集団強姦などの容疑で逮捕され、横浜地検川崎支部から逃げ出した杉本裕太容疑者が話題になっている。先日もドイツ人大学生のウラジミロビッチ容疑者が仙台中央署から逃げ出すという事件があったし、警察の方々には少し気を引き締めてほしいものだ。
さて、容疑者が逃走中というのは身の回りでよく耳にする話だ。去年だけを例にあげても、逃亡がらみの事件が2件あった。
1件目――指名手配されていた知人Hが1年半ほどの逃亡生活の末に逮捕された。Hはわたしの親友の弟分にあたる存在なのだが、四国のとある県では若手の顔役というポジションにいる人物である。彼は複数の容疑で指名手配を受けていたが、警察から特別に逃げ回るふうでもなく、生活をしていた。

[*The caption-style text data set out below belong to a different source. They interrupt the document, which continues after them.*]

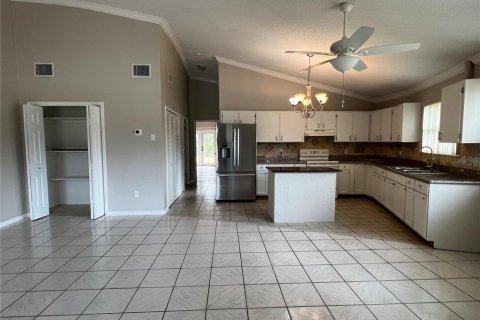 Immobilier commercial à vendre à Port Charlotte, Floride: 4 chambres, 187.66 m2 № 2150759 - photo 25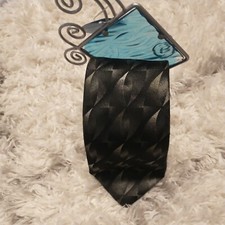 Essante Designer 100% Silk Made In USA Necktie 60x4 Black/Silver Geometric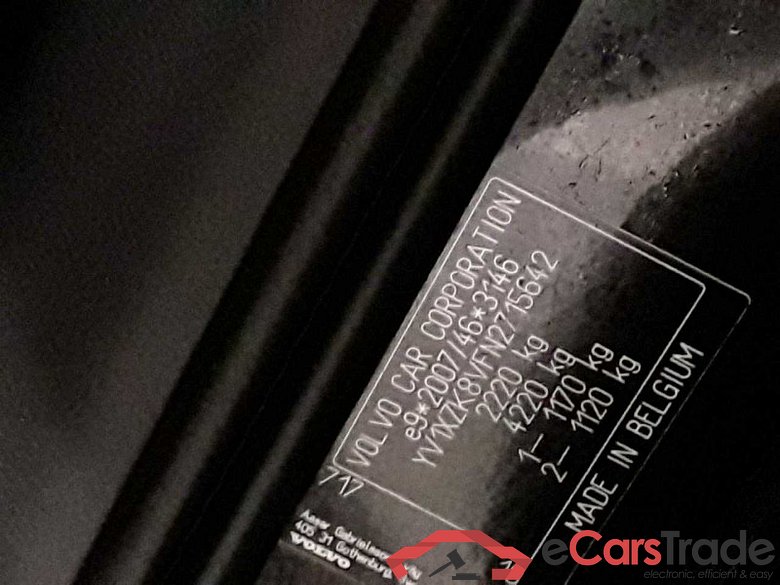 Volvo XC40 (2017->) DE - SUV5 B4 2WD EU6d, Inscription (EURO 6d), 2020 - 2022 #2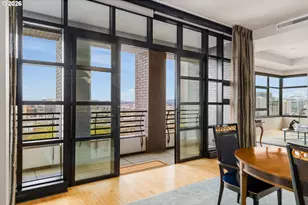 333 NW 9th Ave, Portland, OR 97209 - Photo 8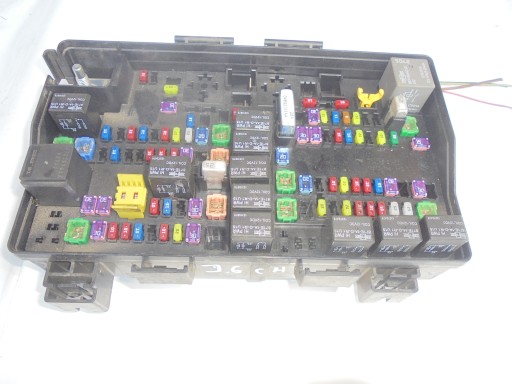 68194607AD, - Блок предохранителей jeep cherokee 68194607ad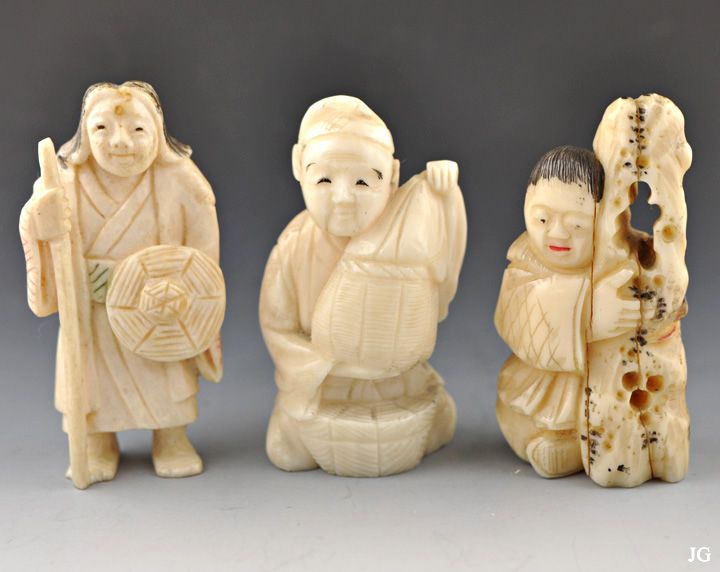 Asian Ox Bone Male Figurines Netsuke Lightly Colored 2  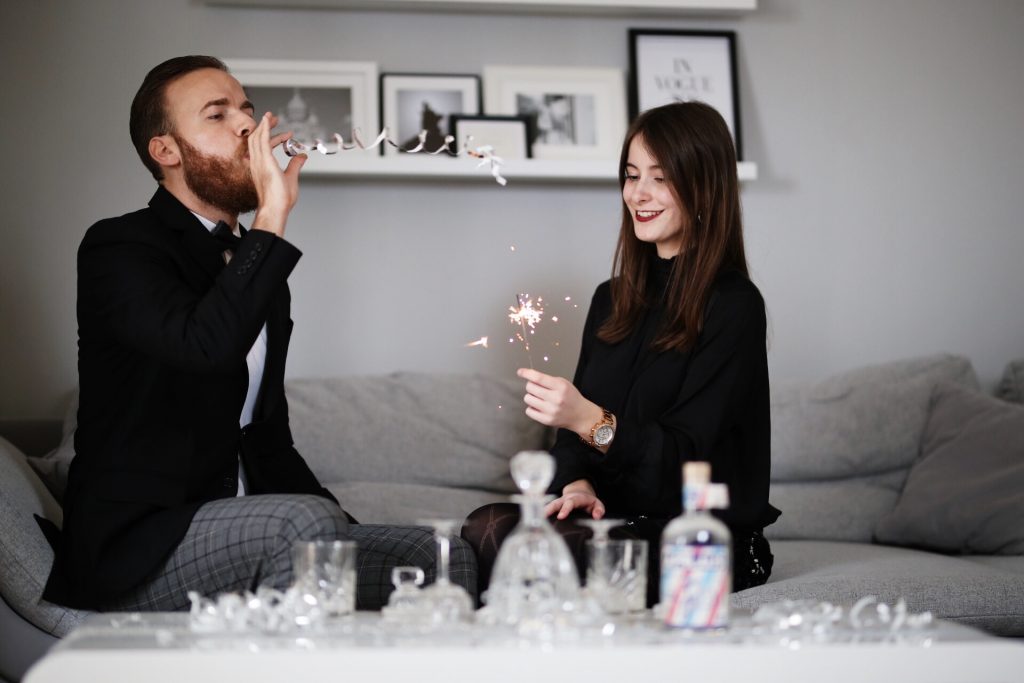 LIFESTYLE - Happy New Year Blog Post Silvester 2018 Fashion Travel Blogger Trier Luxembourg Couplegoals Coupleshot couple Gin applaus Liquid Director Interior Design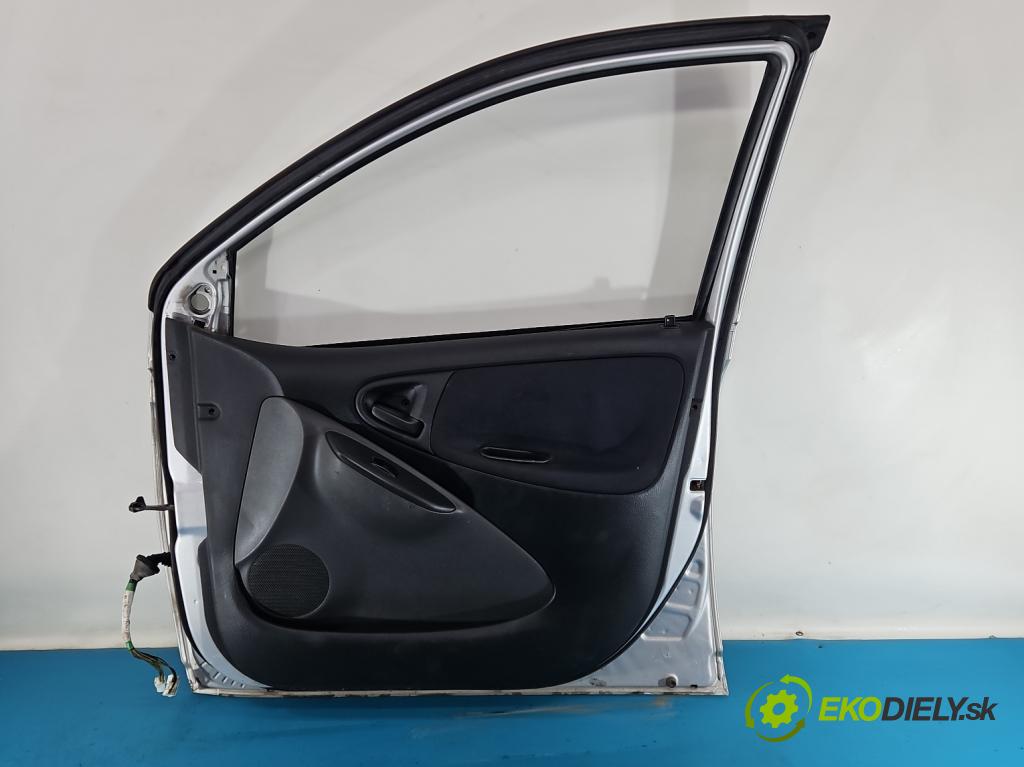 Toyota Yaris I 1999-2005 1.0 vvti 65 HP manual 48 kW 998 cm3 5- dvere predné pravé  (Kľučka dverí ostatné)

わたしはHのことは親友から聞かされていただけでいつか会いたいと思っていた。面会は刑務所の中になるだろうと思っていたのだが、なんと親友から電話があり、Hがわたしに会うため東京に出てくるという。指名手配中なのにいいのか? と思ったが、後日Hはやって来た。しかも10時間以上も車を運転して四国からやってきたのだ。
初めて会ったHは好人物だった。わたしは非常に気に入ったが、「このまま逃げ切れるはずがないから早く捕まったほうがいい」とアドバイスをした。そのほうが結果的に人生のロスタイムを減らすことができる。Hは話を真剣に聞いていたが、まだその気はないようであった。そして東京で一泊だけして、また車で四国に戻っていった。
そのとき、この一般人からしたら不可解なバイタリティーが警察の捜査を掻い潜っているのかもしれないと感じたものだ。四国から車で東京に来て、わたしに会って翌日車を運転して帰る。普通の人間ならば、この行動パターンを読むことはできまい。
しかし、いつまでも逃げ切るのは不可能だったようで、去年の初冬、Hは逮捕された。だが、わたしはこれで良かったと思った。勾留中のHから手紙が来た。そこには更正を誓う言葉が書かれていた。出所はそれほど遠くはない。出てきたら自分にできるだけの援助をしようと思っている。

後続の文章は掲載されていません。